ROME -- Former Premier Silvio Berlusconi is turning to Europe's human rights court in a bid to avoid a ban on public office and other punishments for his tax fraud conviction, the media mogul's aides said Sunday.

The politician and media magnate was found guilty of artificially inflating the amounts paid for film rights by his Mediaset empire to reduce the company's tax liabilities. Berlusconi claims he is an innocent victim of magistrates who sympathize with the left, but the verdict was upheld by Italy's top criminal court last month.

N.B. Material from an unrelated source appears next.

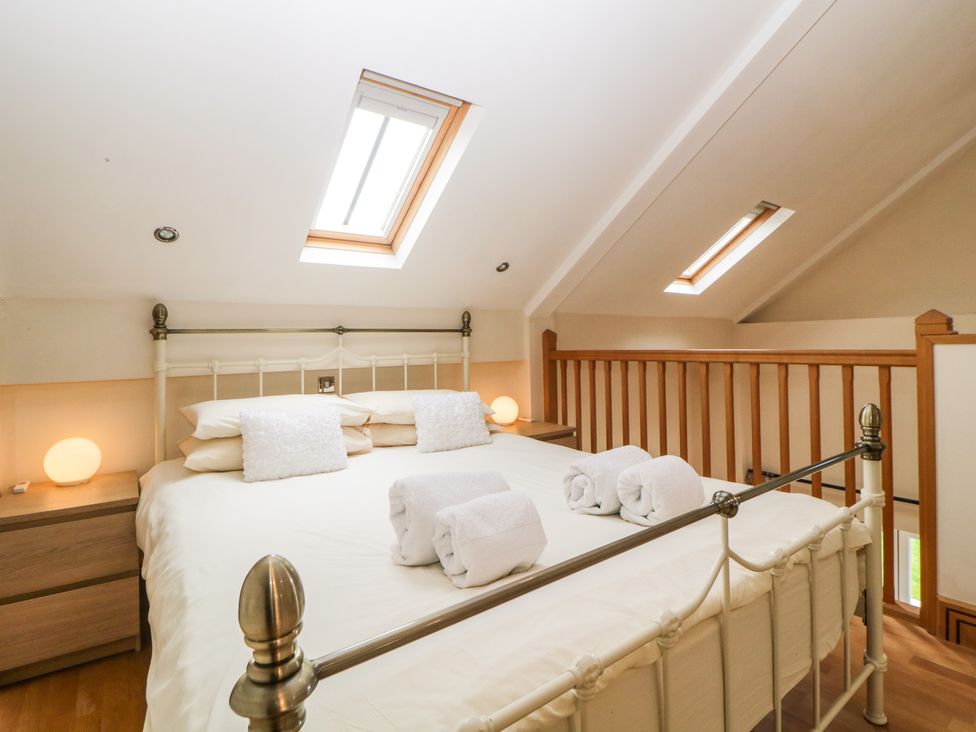 A bedroom with a metal bed frame two bedside tables with lamps skylight windows and rolled towels on the bed at Meader Barn in Peter Tavy near Tavistock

His top aide, Angelino Alfano, said the petition to the Strasbourg, France-based tribunal "shows that the Berlusconi case isn't closed."

Alfano didn't say when or on what grounds the petition to the European rights court was filed. But, "we are really confident, that at the European level, we can reach a finding of innocence that so far in Italy hasn't been possible," he said.

Italy's Court of Cassation confirmed a four-year prison term -- though Berlusconi is unlikely to actually serve it -- and also ordered a Milan appeals court to determine the length of a ban on serving in public office from one to three years.

A Senate panel Monday starts formally discussing if Berlusconi must surrender his Senate seat. That deliberation isn't based on the ban ordered by the Cassation Court, but a 2012 law says those sentenced to more than two years in prison are ineligible to hold public office for six years.

The president of the Senate panel insisted its work would go forward without waiting for a decision from Strasbourg.

"What will we do if it (the court) takes 10 years to evaluate" Berlusconi's bid?, Dario Stefano, a left-wing senator, asked Rome daily Il Messaggero. "I believe that law mandates us to vote" now on whether Berlusconi loses his seat.

Eventually, the entire Senate will vote on whether to strip Berlusconi of his seat.

Berlusconi's lawyers have contended that because the tax fraud occurred many years before the law was made, the media mogul shouldn't be kicked out of Parliament.

The tax conviction isn't Berlusconi's only legal issue. An appeals trial is expected to take up Berlusconi's conviction in June by a Milan court of paying for sex with a minor and then pressuring public officials to cover it up. He denies the charges. The lower court sentenced him to seven years in prison and ordered a lifetime ban on holding public office.